# Myrtle beach July 28 to aug 4



## Tradetimes (Jul 11, 2018)

Hi

For rent: 2 bedrooms condo at Anderson Club in Myrtle beach July 28 to Aug 4

Last minute deal, cannot go with my new jobs.


----------



## chequon (Jul 12, 2018)

What is your asking price and how many does it sleep, and view ie. oceanfront/view?


Tradetimes said:


> Hi
> 
> For rent: 2 bedrooms condo at Anderson Club in Myrtle beach July 28 to Aug 4
> 
> Last minute deal, cannot go with my new jobs.


----------



## darrius1st (Jul 12, 2018)

Is the room beach front?


----------



## riv1964 (Jul 13, 2018)

Tradetimes said:


> Hi
> 
> For rent: 2 bedrooms condo at Anderson Club in Myrtle beach July 28 to Aug 4
> 
> Last minute deal, cannot go with my new jobs.

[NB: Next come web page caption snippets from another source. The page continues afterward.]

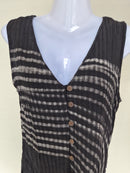 Exotic Bali Black Tie-Dye Button Front Sleeveless Tunic Free Size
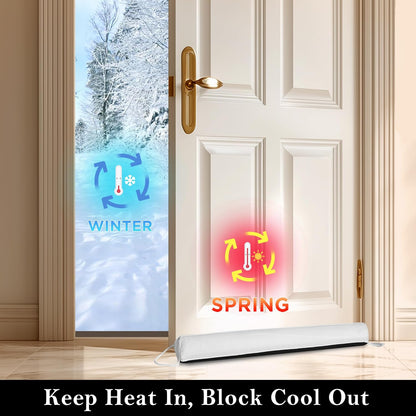 Door Draft Stopper with Removable Washable Cover, 38", Black | Weighted Gap Filler, Blocks Hot and Cold Air, All-Season Seal, Easy Install, Noise & Wind Blocker, Home Essentials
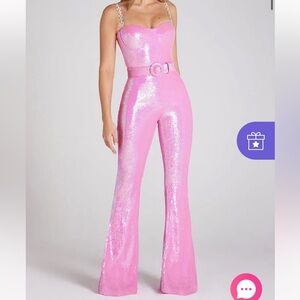 Barbie Pink Sequin Diamante Straps Jumpsuit - Size S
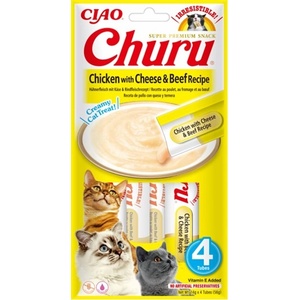 Inaba Foods Churu лакомства за котки с вкус на пилешко, сирене и говеждо месо 4x14g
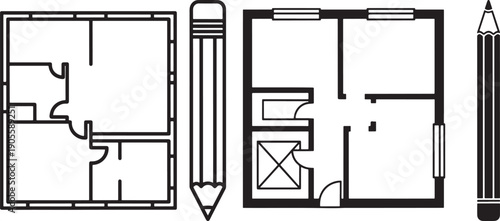 Architectural floor plans of rooms with pencils, symbolizing real estate, design, planning, and construction projects.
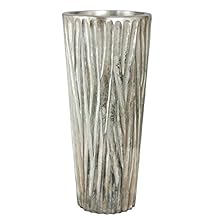 AUF001 - Maceta de Fibra de Vidrio de 63,5 cm de Alto, autógrafo, Color Negro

Interested . Still available?


----------



## bluehende (Jul 13, 2018)

He hasn't responded to PM either so not sure what is going on.


----------



## Tradetimes (Jul 13, 2018)

riv1964 said:


> Interested . Still available?




still availaible, sleep 6 ocean front


----------



## kathyreich (Jul 14, 2018)

Is it still available? What would be the price.  We would have to leave on August 2nd.
Thank you
Kathleen


----------



## riv1964 (Jul 14, 2018)

Sent you a private message


----------



## Tradetimes (Jul 22, 2018)

Still available 


Envoyé de mon iPhone en utilisant Tapatalk


----------



## riv1964 (Jul 22, 2018)

Tradetimes said:


> Still available
> 
> 
> Envoyé de mon iPhone en utilisant Tapatalk


Please call phone number sent to you in private message  Thank you


----------



## riv1964 (Jul 23, 2018)

We have till Wednesday a.m. till cancel current reservation. Would like to rent your condo. Have sent you our phone number through private message. If you prefer, you could sent us your phone number via private message and we will call you. Thanks


----------